■ Input data
- - - -

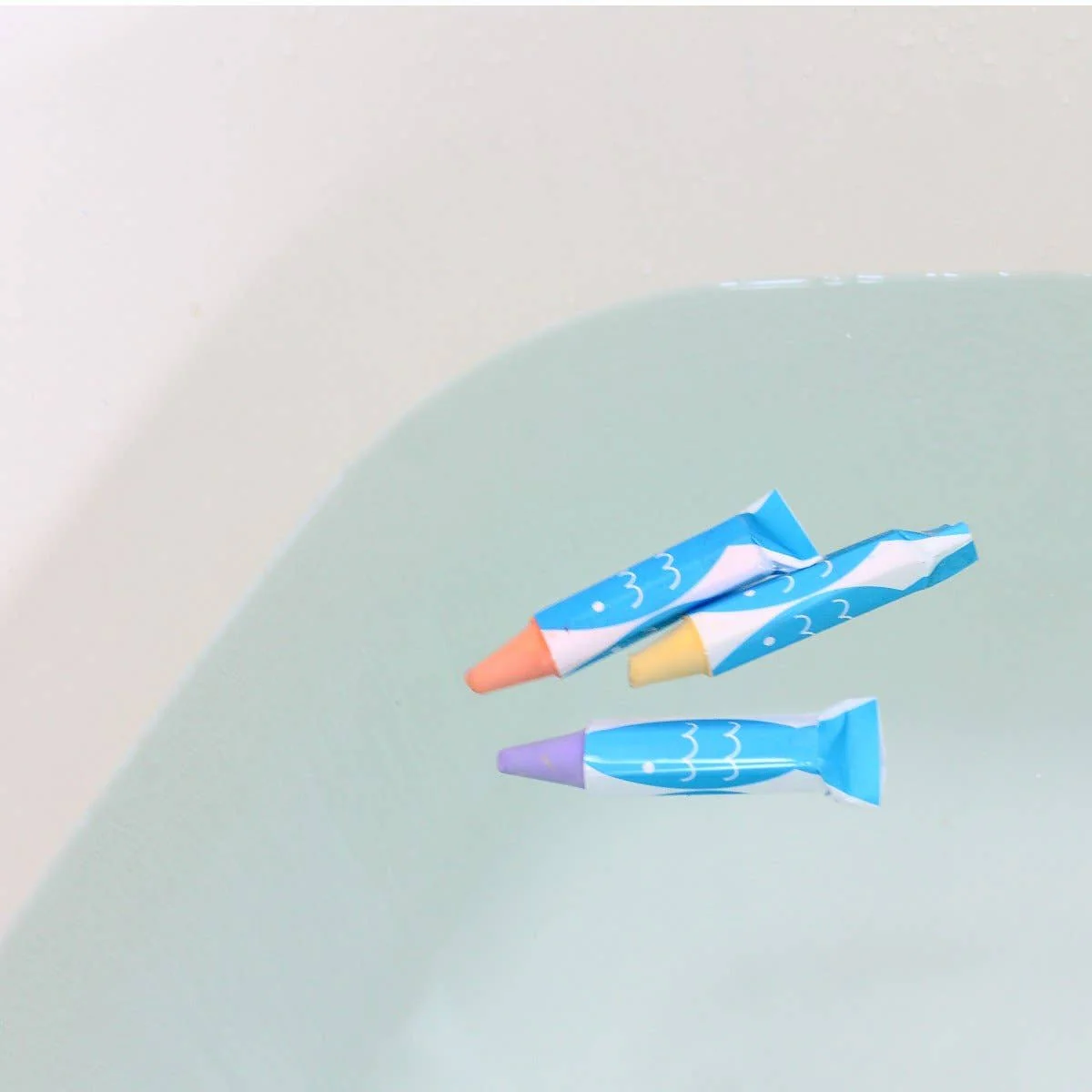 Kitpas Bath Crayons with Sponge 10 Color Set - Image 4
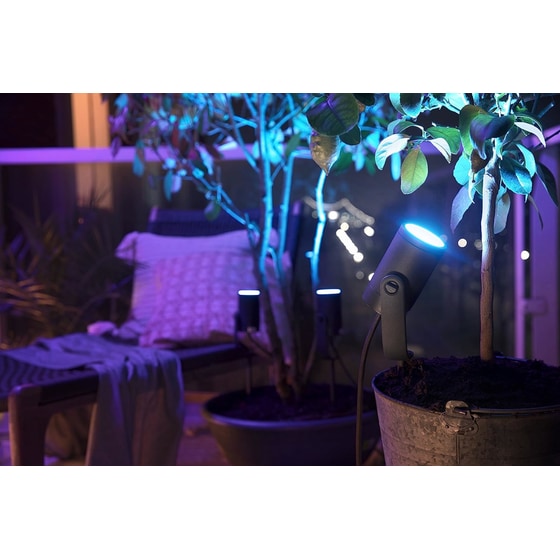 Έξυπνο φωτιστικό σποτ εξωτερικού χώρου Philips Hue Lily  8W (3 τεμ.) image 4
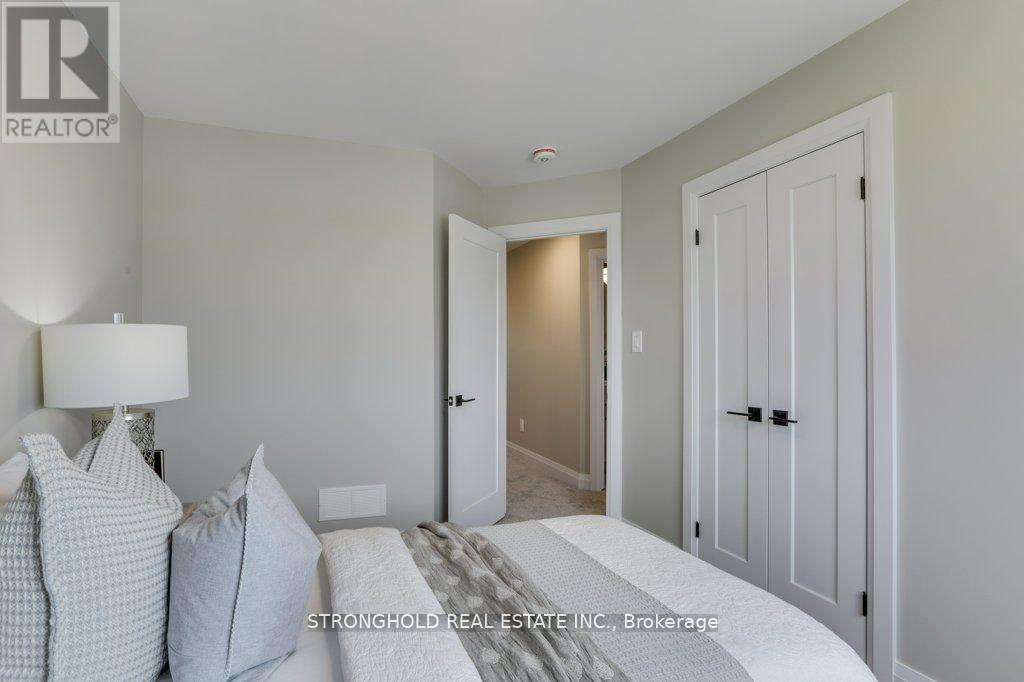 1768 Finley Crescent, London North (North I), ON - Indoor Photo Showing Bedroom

- - - -

■ Task description
Copy the data word for word, no pictures.

■ Exercise result
 Kitpas Bath Crayons with Sponge 10 Color Set - Image 4
 Έξυπνο φωτιστικό σποτ εξωτερικού χώρου Philips Hue Lily  8W (3 τεμ.) image 4
 1768 Finley Crescent, London North (North I), ON - Indoor Photo Showing Bedroom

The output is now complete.